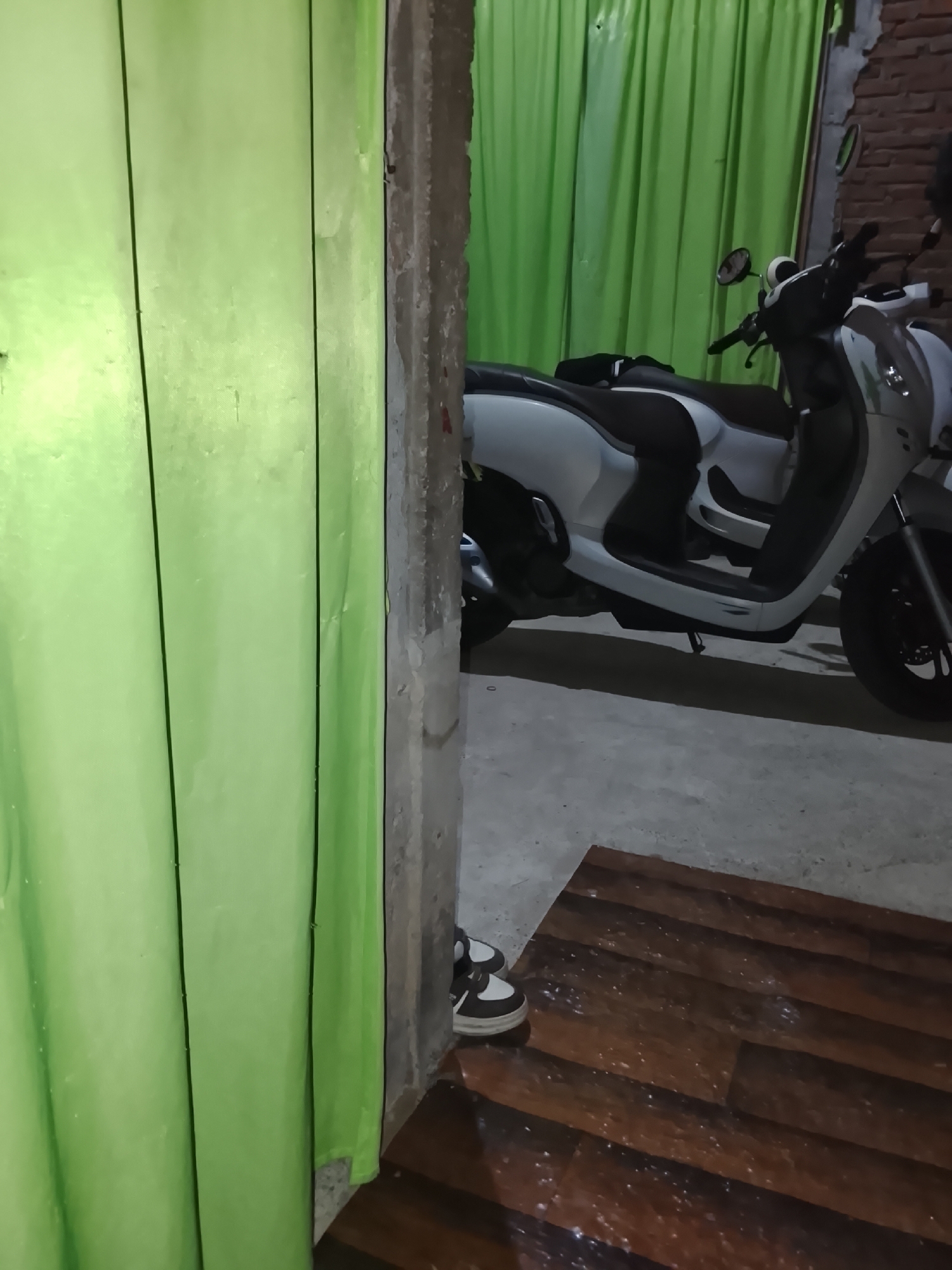 A white and black scooter is parked indoors, partially obscured by a vibrant green curtain. The scooter has a sleek design with a prominent black seat. In the foreground, a pair of black and white sneakers rests on a wooden-patterned floor. The environment appears to be a sheltered space, possibly a garage or a covered outdoor area, with concrete flooring and brickwork visible in the background. The lighting is dim, casting shadows and highlighting the textures of the objects in the scene. The image does not provide explicit details to pinpoint a specific location within Tanjongbabahkrueng, Indonesia, but suggests a residential or commercial setting.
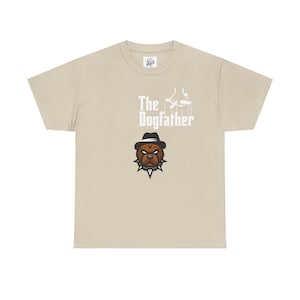Peut inclure: T-shirt beige avec l'inscription blanche "The Dogfather", représentant un bouledogue portant un chapeau et un collier clouté. Le t-shirt a un col rond et des manches courtes.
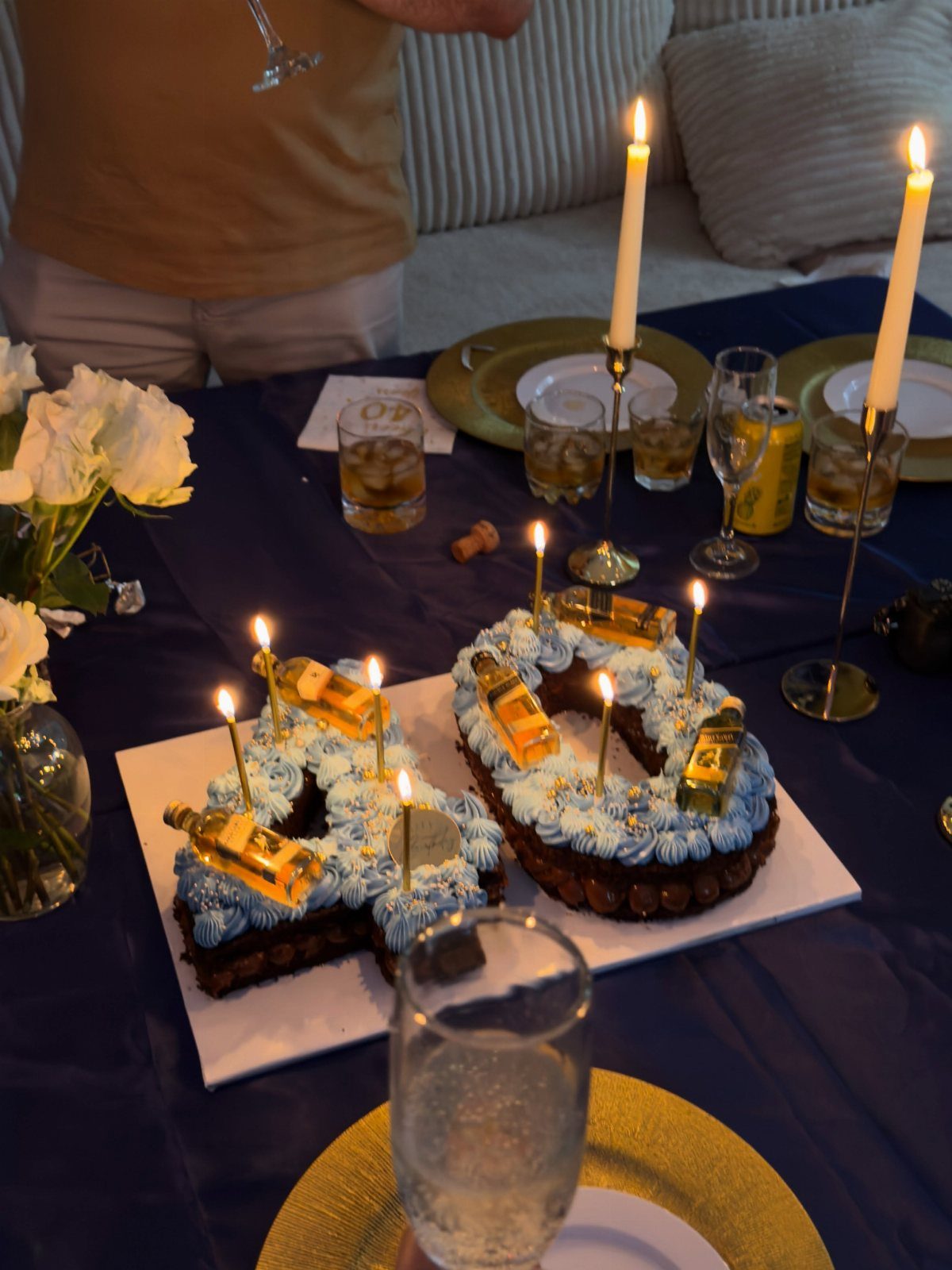 Number 40 chocolate cake with blue frosting and gold bottles on blue table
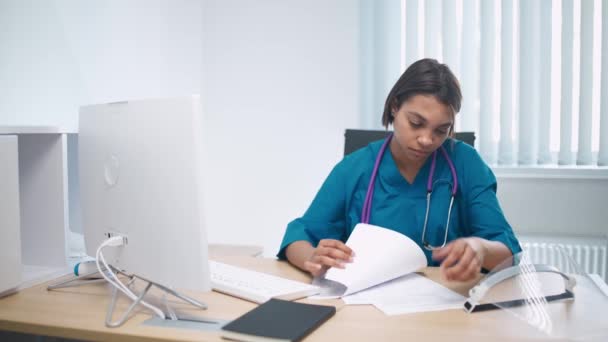 Ernstige vrouwelijke arts zit op het werk in een modern ziekenhuis en werkt met patiëntenonderzoeksdocumenten. — Stockvideo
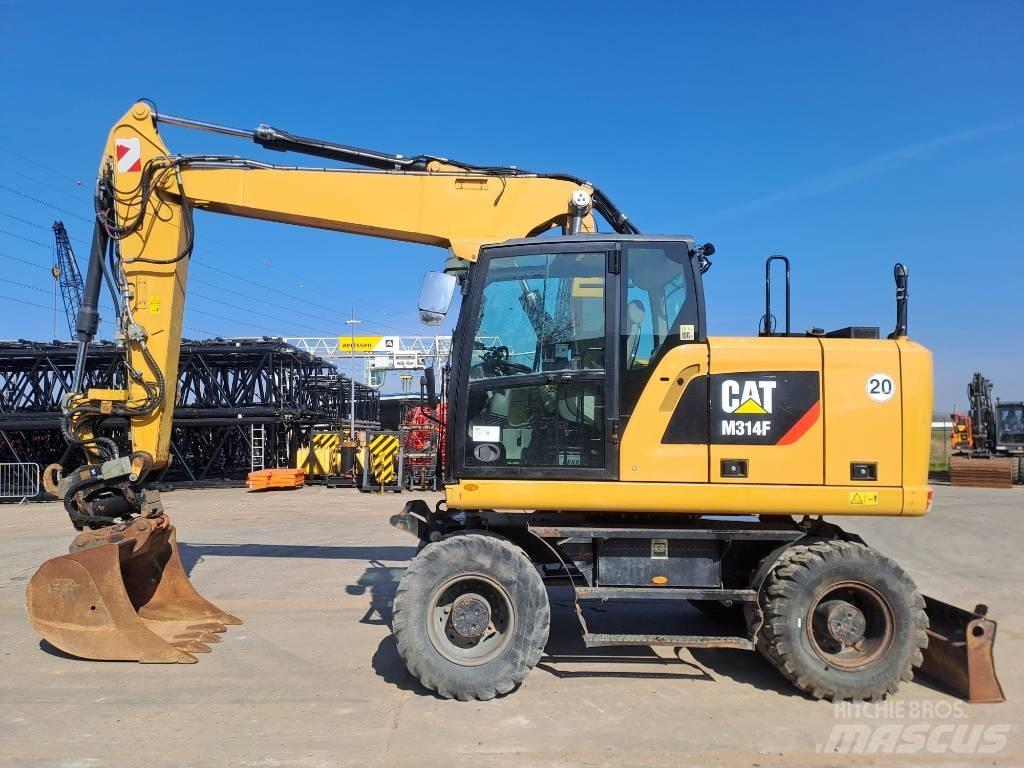 CAT M314F Pelle sur pneus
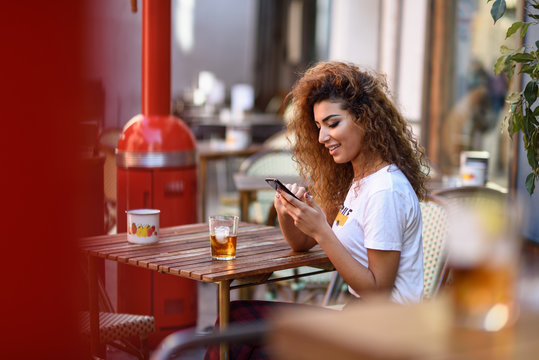 Arab Woman In An Urban Bar At Her Smartphone.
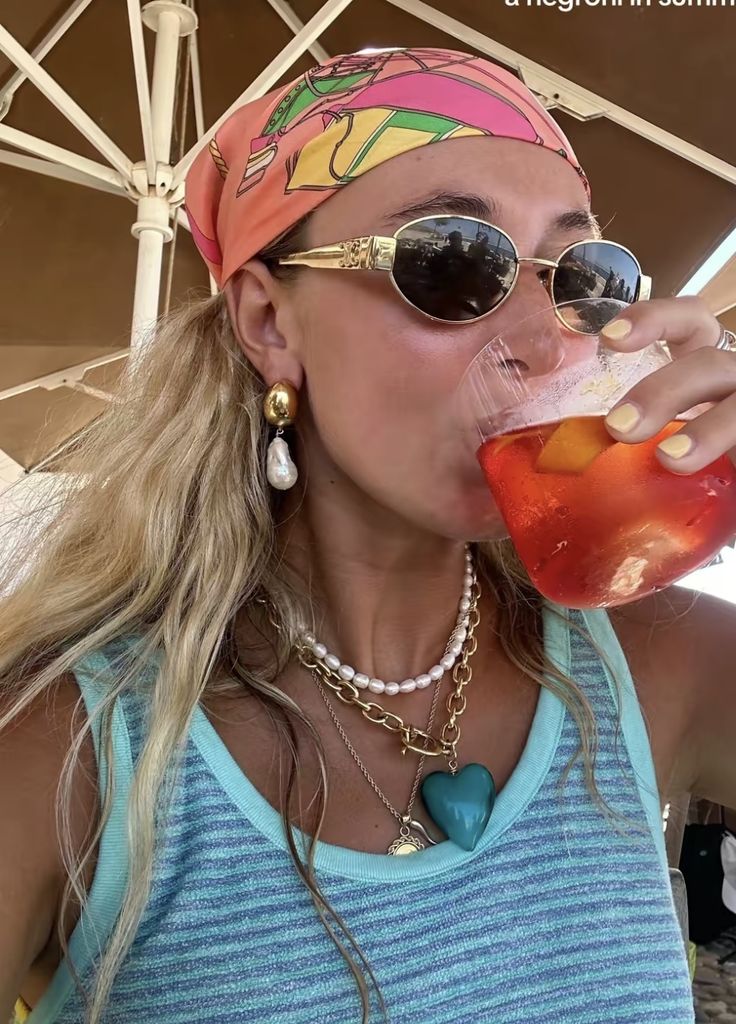 A woman enjoying a refreshing cocktail outdoors, wearing sunglasses and a colorful headscarf, exuding summer style.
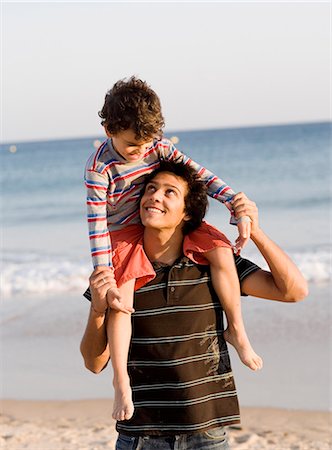 piggyback brothers - Brothers playing on a beach, Portugal. Stock Photo - Premium Royalty-Free, Code: 6102-03867644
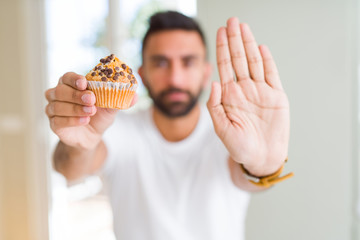 Handsome hispanic man eating chocolate chips muffin with open hand doing stop sign with serious and...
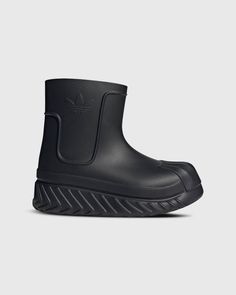 Modern Black Waterproof Boots For Outdoor, Streetwear Boots With Studded Rubber Outsoles, Sporty Black Boots With Rubber Toe Cap, Modern Synthetic Boots For Streetwear, Synthetic Slip-on Boots For Streetwear, Casual Black Nylon Waterproof Boots, Black Casual Nylon Boots, Casual Black Nylon Boots, Slip-on Boots With Textured Sole For Streetwear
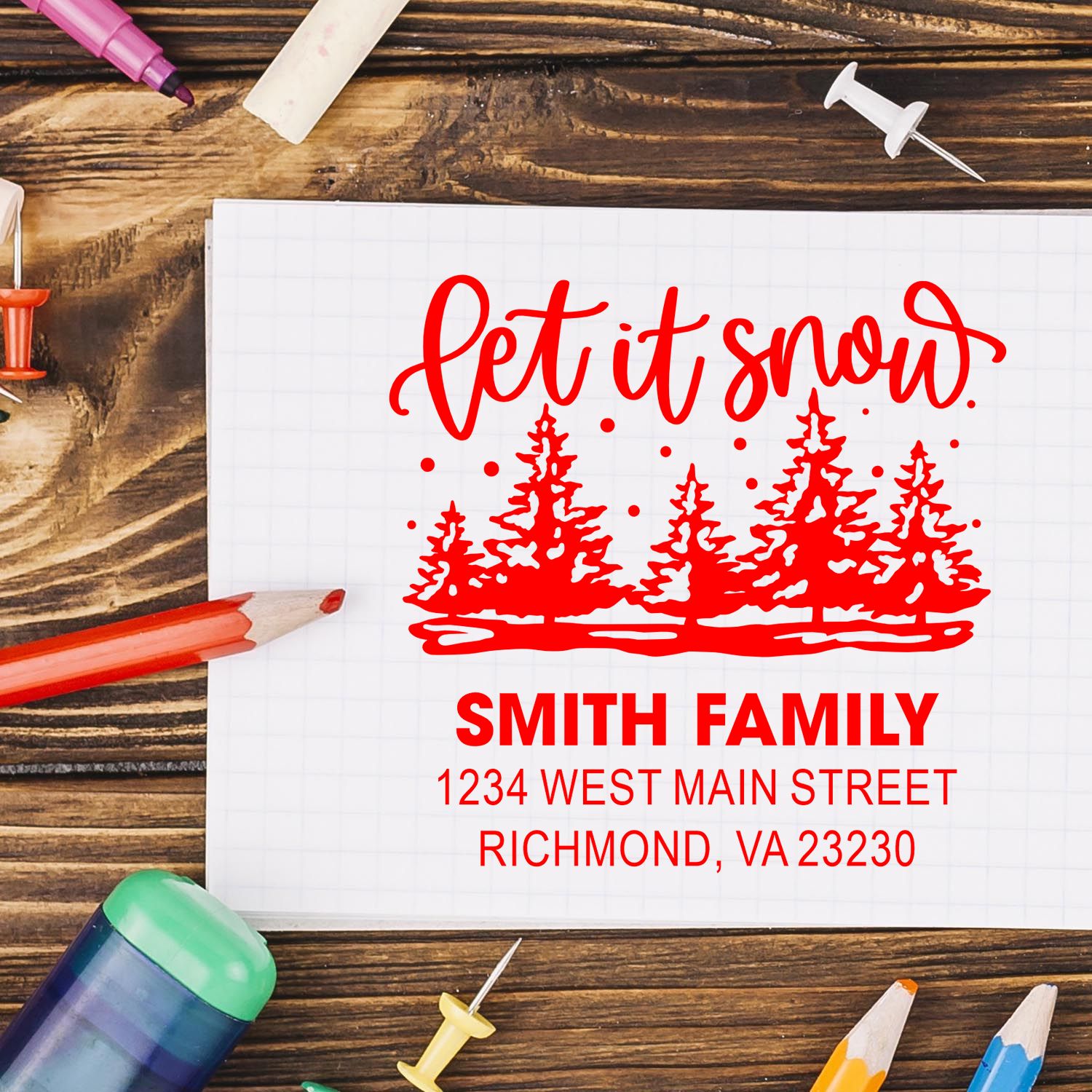 Custom holiday rubber stamp design with Let it snow script, pine trees, and Smith family address for Christmas cards.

## Activity
A precise copy of each record, with the images removed, should be output.

## Response
 A white and black scooter is parked indoors, partially obscured by a vibrant green curtain. The scooter has a sleek design with a prominent black seat. In the foreground, a pair of black and white sneakers rests on a wooden-patterned floor. The environment appears to be a sheltered space, possibly a garage or a covered outdoor area, with concrete flooring and brickwork visible in the background. The lighting is dim, casting shadows and highlighting the textures of the objects in the scene. The image does not provide explicit details to pinpoint a specific location within Tanjongbabahkrueng, Indonesia, but suggests a residential or commercial setting.
Peut inclure: T-shirt beige avec l'inscription blanche "The Dogfather", représentant un bouledogue portant un chapeau et un collier clouté. Le t-shirt a un col rond et des manches courtes.
 Number 40 chocolate cake with blue frosting and gold bottles on blue table
 Ernstige vrouwelijke arts zit op het werk in een modern ziekenhuis en werkt met patiëntenonderzoeksdocumenten. — Stockvideo
 CAT M314F Pelle sur pneus
 Arab Woman In An Urban Bar At Her Smartphone.
 A woman enjoying a refreshing cocktail outdoors, wearing sunglasses and a colorful headscarf, exuding summer style.
 piggyback brothers - Brothers playing on a beach, Portugal. Stock Photo - Premium Royalty-Free, Code: 6102-03867644
 Handsome hispanic man eating chocolate chips muffin with open hand doing stop sign with serious and...
 Modern Black Waterproof Boots For Outdoor, Streetwear Boots With Studded Rubber Outsoles, Sporty Black Boots With Rubber Toe Cap, Modern Synthetic Boots For Streetwear, Synthetic Slip-on Boots For Streetwear, Casual Black Nylon Waterproof Boots, Black Casual Nylon Boots, Casual Black Nylon Boots, Slip-on Boots With Textured Sole For Streetwear
 Custom holiday rubber stamp design with Let it snow script, pine trees, and Smith family address for Christmas cards.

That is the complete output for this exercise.